Viv and the Najafgarh battleship

Richards liked to intimidate; Sehwag prefers to exasperate. Richards’ eyes would stare you down; Sehwag’s eyes are actually shut.

This week is all about two words: Virender Sehwag, the most destructive batsman of the modern game after Sir Issac Vivian Alexander Richards. I should know. As a young boy I was Vivian Richards. I had the walk, the swagger to and from the wicket, the stance and the maroon cap. And although I never really got a run to and from the pitch, I was Vivian Richards. I remember even experimenting with the Antiguan accent in Gujarati. Richards is long gone, but his legacy lives on in the unlikely form of a little battleship from Najafgarh.
They make a strange twosome. Richards was all power; with Sehwag you wonder where the power comes from — don’t forget he grew up in Najafgarh, a place more often than not bereft of power, unless of course you mean the political kind. Richards was muscular and V-shaped; the only thing V-shaped about Sehwag is the first letter of his first name. Richards had that regal walk of a monarch leading his army; Sehwag walks with his feet close together, almost like he’s balancing an orange between his knees, and when he runs between the wicket it is like he’s dropped the orange and is trying to find it in a certain bureaucratic, unhurried civil servant sort of way. Richards would stare down the bowlers, against that Sehwag is closer to the Mona Lisa. He prefers to smile at the bowlers, not a mocking smile but one that says that he himself is not sure of what he is thinking.
Richards liked to intimidate; Sehwag prefers to exasperate. Richards’ eyes would stare you down; Sehwag’s eyes are actually shut. So what I’m saying here is that while Richards smashed a 291 at the Oval in a Test match, he was all alert, all focused, with all senses acute. Sehwag made 219 at Indore during which he was often in sleep mode.
To find out more about this modern champion, I travelled to Najafgarh on Friday. I learnt many things. First of all, it’s very difficult to pronounce Najafgarh, even for the local population. So now it has been officially renamed Virender Sehwag’s Place! (Apparently he now has enough money to buy the whole of Najafgarh, including the toll booth on the outskirts. Many a time and often on long drives he and Navjot Singh Sidhu never paid the toll.)

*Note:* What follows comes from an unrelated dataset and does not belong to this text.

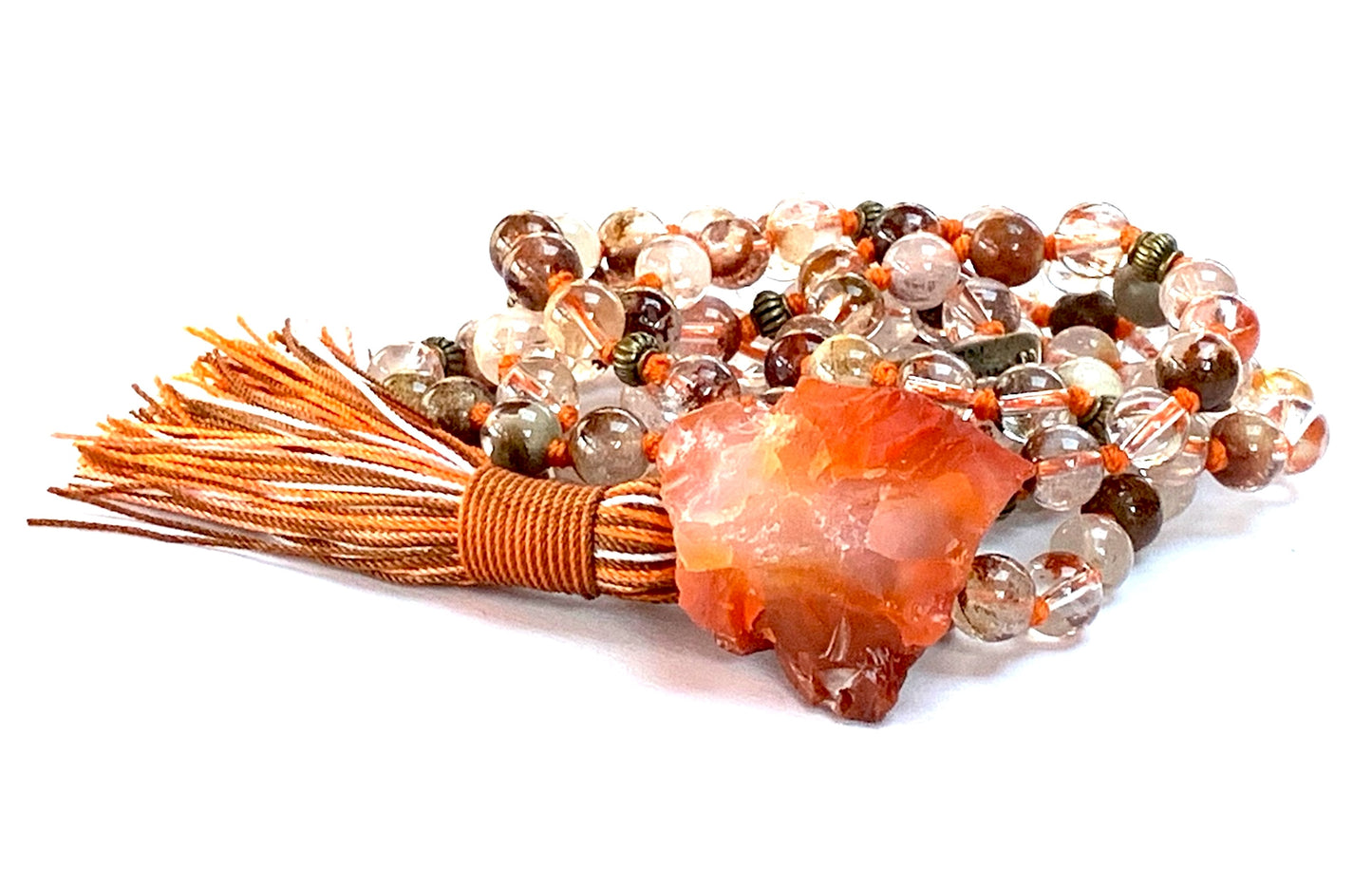 Close-up view of Vision Vitality Mala beads showing lodolite shamanic dream stone and carnelian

As a young boy Sehwag would wake up at 4.30 in the morning, most times for no reason at all and occasionally to practise. Other startling facts come to life. He never had a girlfriend, at least not till he was 10 years old. He had no interest in American politics and till today can’t tell a Democrat from a Republican. But then this is the same guy who says he can’t tell an outswinger from an inswinger. And that too after he’s deposited the outswinger over the third man fence for a six. While still an adolescent he saw Sachin Tendulkar bat at Ferozshah Kotla. Young Sehwag swore that when he grew up he was going to be taller than Sachin, failing that he’s going to sell the same beverages, mobile phones and pharmaceuticals as Sachin. Young Sehwag also dreamt of one day having a friend called Gautam and that one day the two friends would open a restaurant together, failing that they would open the batting together. More and more facts came to life. Such as the fact that Viru was right-handed, knew how to drive a car and had voted in the last general election. As we dig up more and more facts we are even more amazed at this cricketing phenomenon.
This one-in-a-generation player has caused us to replace a word in a popular Hindi movie dialogue.
“Tumhare paas kya hai?” “Mere paas Sehwag hai.”